Zelensky, recorde-se, tinha revelado quarta-feira a versão mais recente do plano de Paz patrocinado pelos Estados Unidos da América, que vinha a ser negociado há semanas, entre Washington e Kiev.
O referido documento preliminar impõe o ‘congelamento’ das atuais linhas da frente de combate, mas sem ser adiantada uma solução para os territórios ucranianos ocupados (19%) pela Federação Russa desde a invasão de 24 de fevereiro de 2022.

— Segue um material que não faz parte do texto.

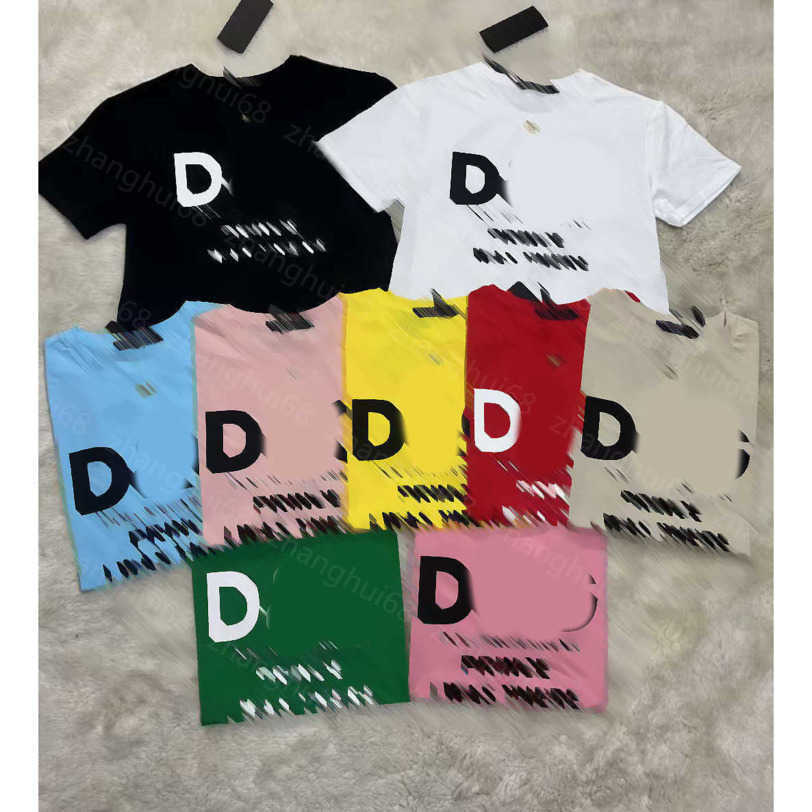 

23ss tee Womens T-Shirt womens designer clothing Round neck Pure cotton Letter logo print short sleeve T-shirt 7 colors available womens clothes a1, Lightpink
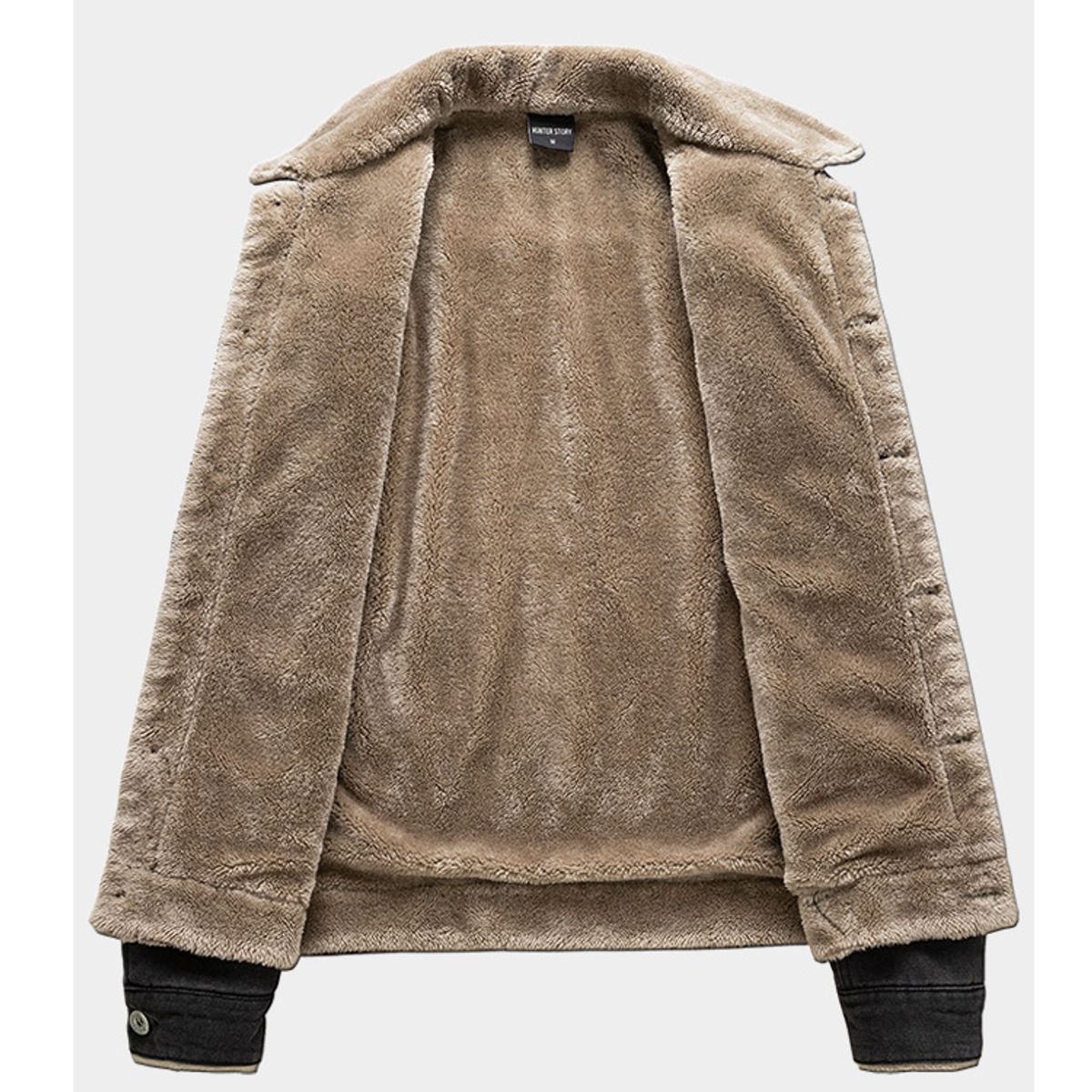 TIOZONEY - Cazadora vaquera para hombre - Azul Claro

A versão original do plano norte-americano versava duas exigências do regime russo liderado pelo presidente Vladimir Putin, que estão ausentes da nova formulação
A Rússia exige a retirada das forças ucranianas dos territórios do Donbass, ainda sob controlo de Kiev e o compromisso, juridicamente vinculativo, de que a Ucrânia se mantém fora da NATO.
O porta-voz do Kremlin, Dmitry Peskov, indicou que Moscovo estava a “formular sua posição” e recusou-se comentar quaisquer os detalhes.
Quinta-feira, a porta-voz do ministério dos Negócios Estrangeiros russo, Maria Zakharova, afirmou que o progresso rumo ao fim da guerra era “lento, mas constante”.